Remember too Malcolm Fraser was PM in the days when Vietnamese asylum seeker boats landed in great numbers in Northern Australia. He processed these people humanely. There was no long-term mandatory detention involved. The newcomers were not depicted as sinister invaders. Then, after the Tiananmen Square massacre, Bob Hawke announced that all 43,000 Chinese students then in Australia would be offered residency and could stay here if they wished. Language was not misused and neither were human souls.

So let's use mandatory detention only for health, identity and security checks that do not take years, but weeks. Let's have accommodation centres – not prisons. And for God's own sweet sake, let's release all children from mandatory detention. Let's have an independent commission to decide on asylum seeker policy to stop politicians using it to improve their vote.
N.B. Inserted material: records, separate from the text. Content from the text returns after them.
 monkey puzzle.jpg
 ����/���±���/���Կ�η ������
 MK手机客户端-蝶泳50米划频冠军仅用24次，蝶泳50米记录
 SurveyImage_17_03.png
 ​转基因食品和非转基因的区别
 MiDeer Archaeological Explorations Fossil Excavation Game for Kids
History warns us to be suspicious of politicians of any party, who try to concentrate our passion upon a small minority, and depict them as a bigger threat than they are. When we see this kind of trick played upon us, instead of succumbing to the race frenzy we all potentially carry inside us, we should ask, "Who is benefitting from this? Are our taxes validly being spent upon it? And who is being harmed in the name of getting a better percentage of the vote?" We should be suspicious of frenzy too, as Oskar Schindler was suspicious of Nazi ideology, because it means that leaders may be distracting us from some more important issue – like a conjurer who makes us concentrate on his right hand as he performs the trick with his left.
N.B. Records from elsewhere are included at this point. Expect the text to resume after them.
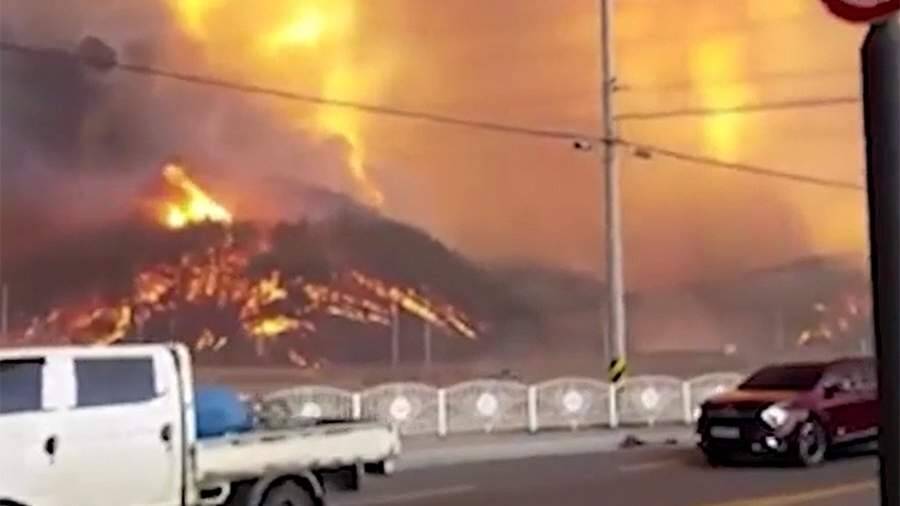 Крупный пожар подобрался к АЭС в Южной Корее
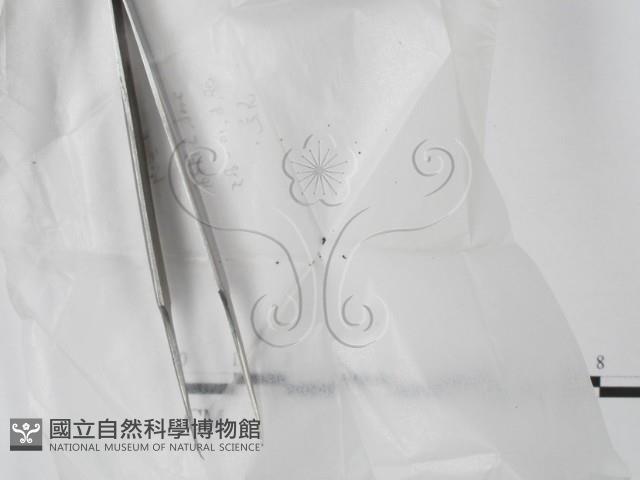 登錄號:F0022010藏品圖，第1張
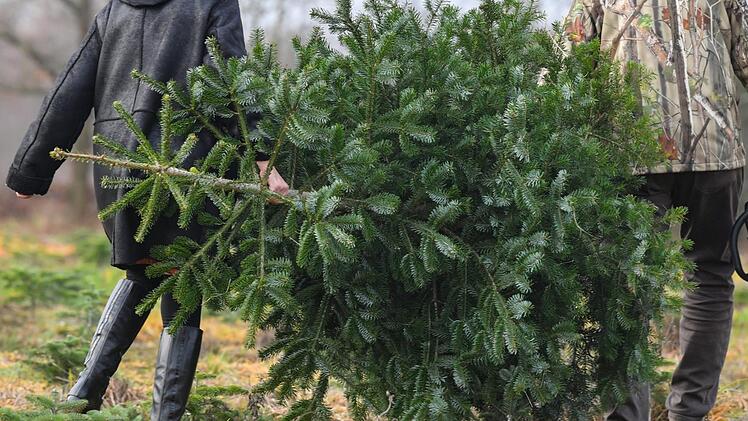 Im Kreis Bamberg sind f&uuml;r den Verkauf gedachte Weihnachtsb&auml;ume von einem Parkplatz gestohlen worden. Symbolbild: Patrick Pleul/dpa-Zentralbild/dpa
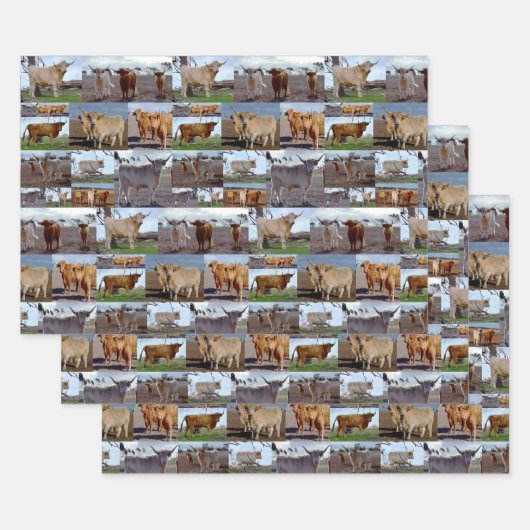 Collage photo de vaches Highland, Feuilles d'envel (Lot)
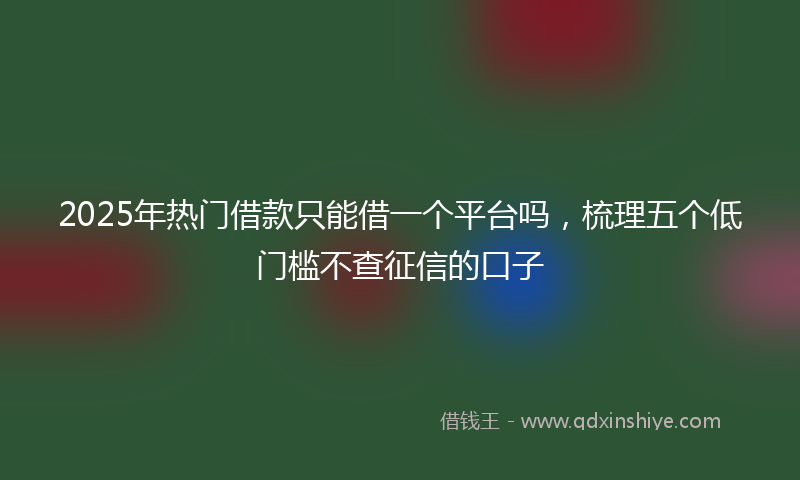 2025年热门借款只能借一个平台吗，梳理五个低门槛不查征信的口子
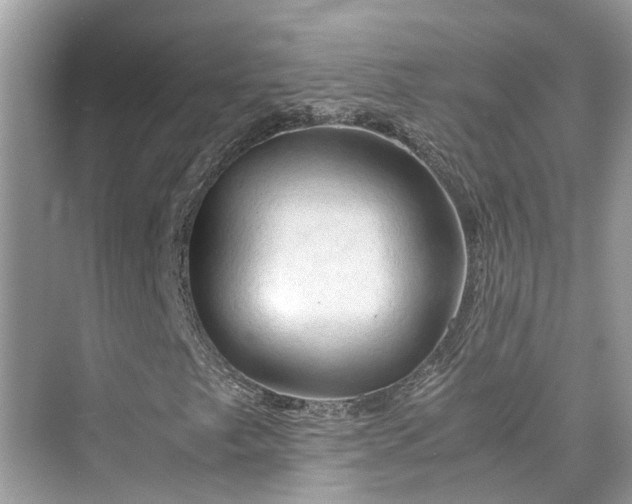 X0000075821249200609291402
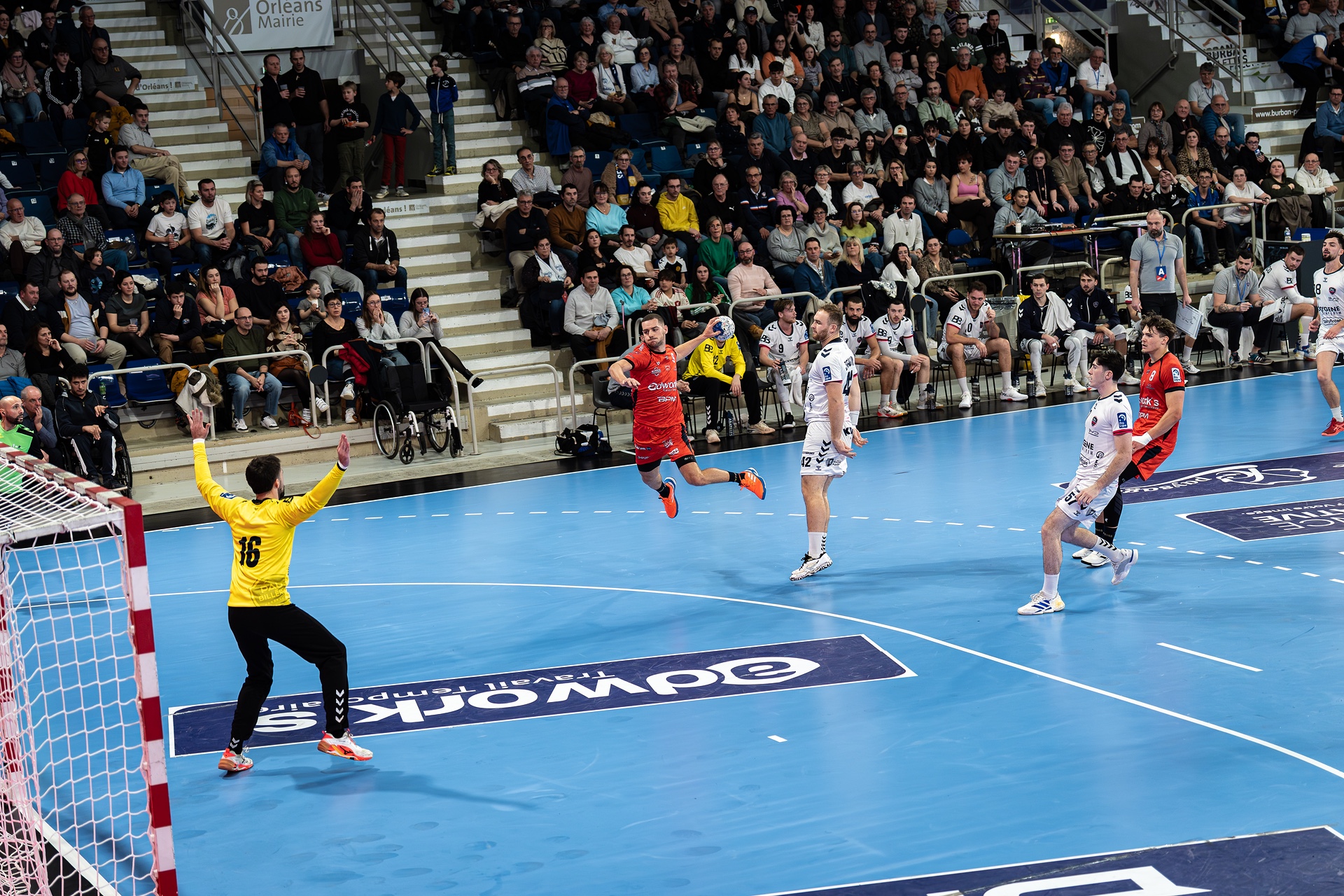 DSC09352.jpg_compressed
Citizens have always to ask questions about public hysteria over race and minorities and culture – over matters of "them" and "us". Because, again, my lifelong experience of Australia is that the "them" can quickly become the "us". And our freedoms are not set in stone. We know that liberties that go unguarded will be abolished for governmental convenience.

This is an edited abstract of a speech given at a graduation ceremony at University of NSW on Wednesday night, where Tom Keneally was given an honorary doctorate.